Les représentants de l'ancienne élite communiste ont non seulement assuré la prospérité de leurs familles, y compris leurs enfants et petits-enfants, mais leur ont également permis de faire carrière dans divers secteurs de la vie du pays. Vous avez écrit des ouvrages qui révèlent les liens entre les élites médiatiques, économiques, politiques et culturelles de la Troisième République polonaise et des membres des anciennes structures étatiques communistes. Pourriez-vous donner des exemples de telles situations ?

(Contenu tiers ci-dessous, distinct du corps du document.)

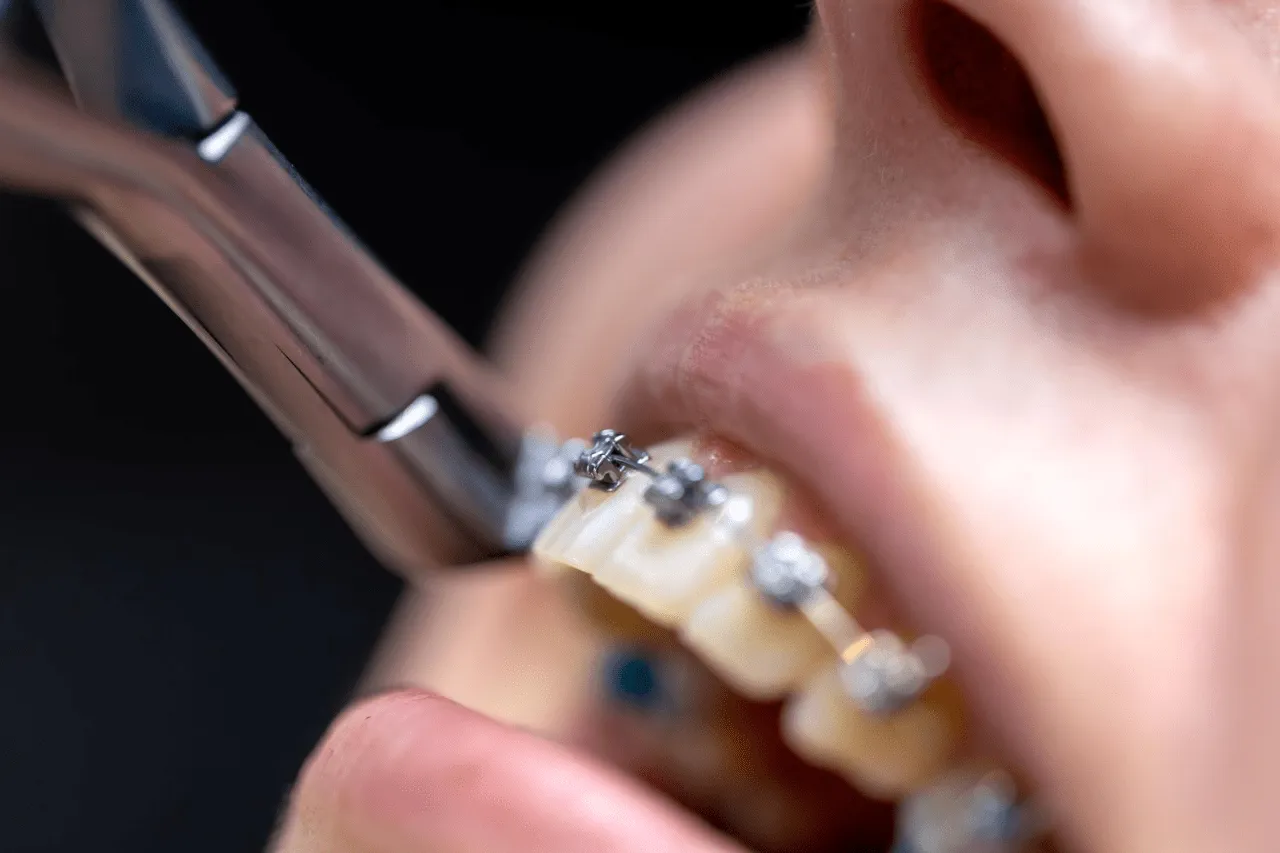 braces price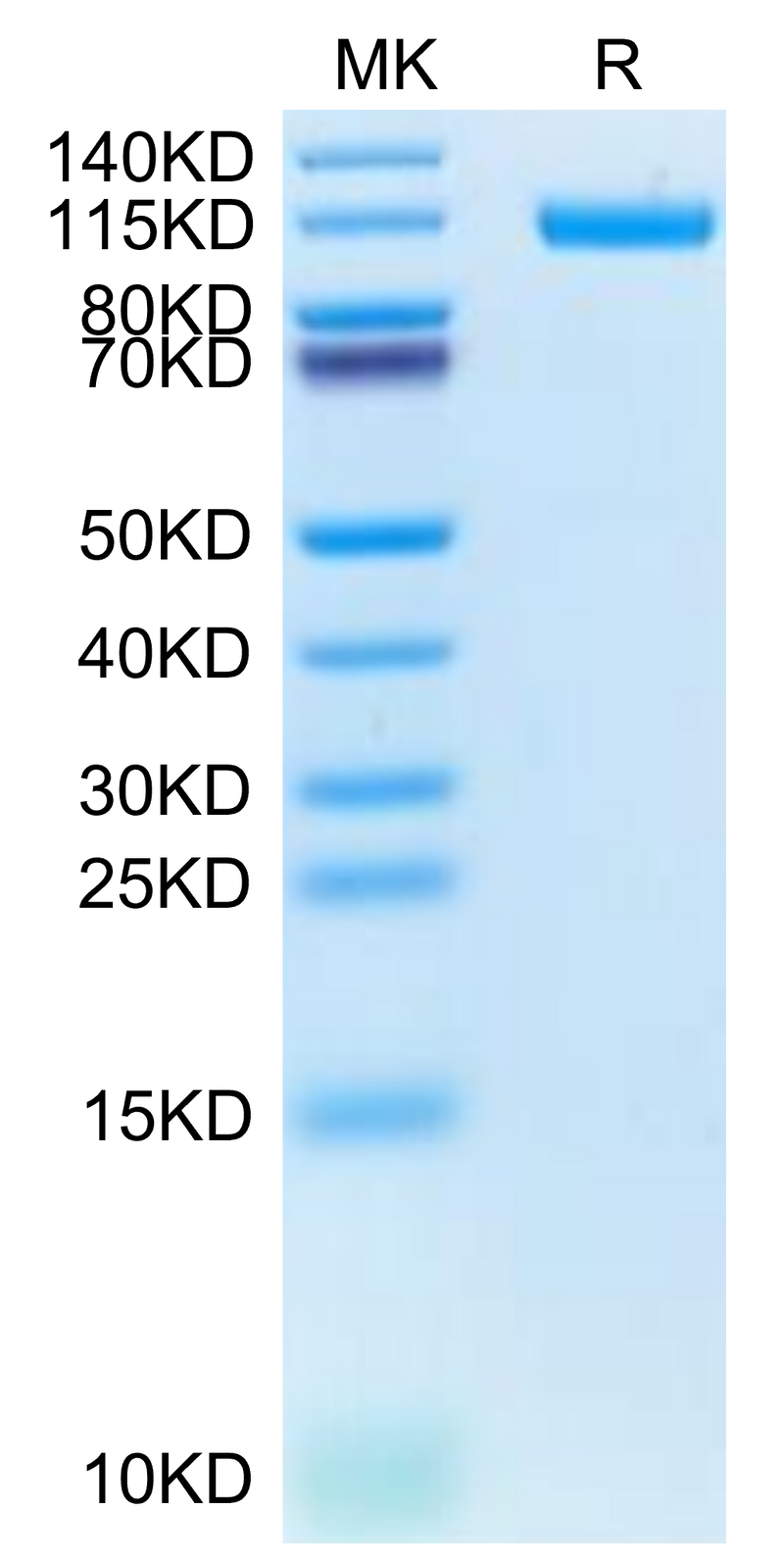 Biotinylated Human CDH17 on Tris-Bis PAGE under reduced condition. The purity is greater than 95%.Biotinylated Human CDH17/Cadherin 17 Protein, Active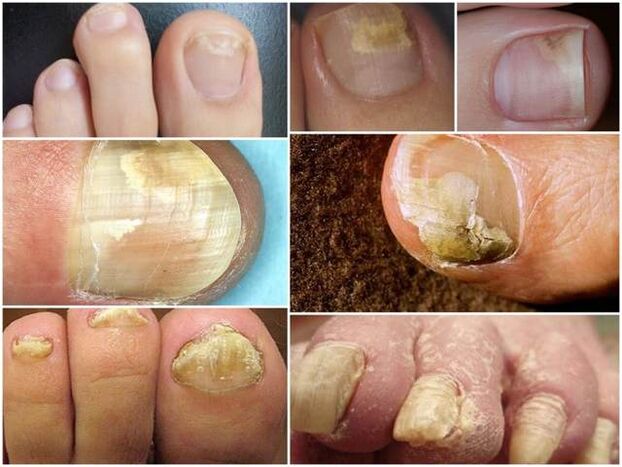 infection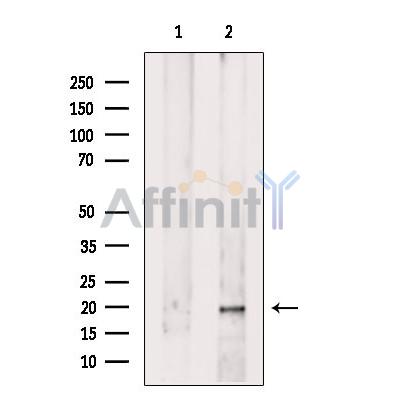 UQCRFS1 Antibody - Western blot analysis of extracts from Hela cells, using UQCRFS1 Antibody.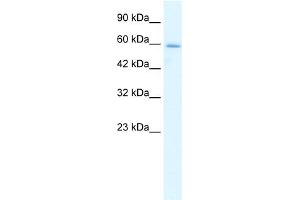 WB Suggested Anti-HCLS1 Antibody Titration:  1. (HCLS1 anticorps  (N-Term))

Il suffit de rappeler le scandale du Fonds de service de la dette extérieure (FOZZ), surnommé « la mère de tous les scandales ». Le FOZZ a été créé par une loi du 15 février 1989, votée par la Diète de la République populaire de Pologne. Sa mission était de racheter la dette extérieure de la République populaire de Pologne sur le marché secondaire à des prix considérablement réduits, compte tenu de la faiblesse des taux d'intérêt. Il était dirigé par Grzegorz Żemek, un collaborateur secret des services de renseignement militaire communistes (nom de code : Dik) ; le conseil de surveillance du FOZZ comptait également des collaborateurs secrets des services de renseignement communistes. Les fonds de FOZZ ont été détournés à des fins privées, notamment par le directeur d'une chaîne de télévision privée polonaise. Au final, FOZZ a représenté une perte financière colossale pour l'État. De manière générale, il n'y a jamais eu en Pologne de médias, de grandes entreprises ou de banques exemptes d'agents des services secrets. Il suffit de dire que les conseils d'administration des chaînes de télévision et de radio privées comptaient des personnes fichées par les services secrets communistes comme collaborateurs.

Douze ans se sont écoulés depuis votre enquête journalistique. Qu'est-ce qui a changé durant tout ce temps ?

Le premier tome de la série « Héritiers du communisme » a été publié en 2013. Il portait sur les médias ; par la suite, j'ai traité des services secrets, de la politique et du monde des affaires. Je peux le dire avec amertume : tant de choses ont changé, et pourtant rien n'est resté le même. Après la prise de contrôle illégale des médias publics par le gouvernement de coalition actuel, formé le 13 décembre 2023, des personnes ayant débuté leur carrière sous le régime communiste sont revenues. Il s'agissait de membres du Parti communiste (PZPR), certains étaient des collaborateurs secrets des services secrets communistes.

Elle a été menacée et traduite en justice. Dans la Pologne gouvernée par Tusk, est-il dangereux de révéler la vérité sur les racines communistes de certaines élites actuelles, qui se présentent comme « démocrates », « progressistes » et « européennes » ?

Il en a toujours été ainsi. Ceux qui l'ont fait ont risqué des poursuites, le ridicule et la diffamation. Rappelons-nous ce qui s'est passé au début des années 1990, lorsque le ministre de l'Intérieur de l'époque, Antoni Macierewicz, a révélé une liste de personnalités publiques fichées comme collaborateurs secrets des services secrets de l'époque communiste. La vérité exige du courage, et le courage est une denrée rare. Heureusement, des groupes continuent de se battre aujourd'hui pour que le passé ne reste plus une page blanche.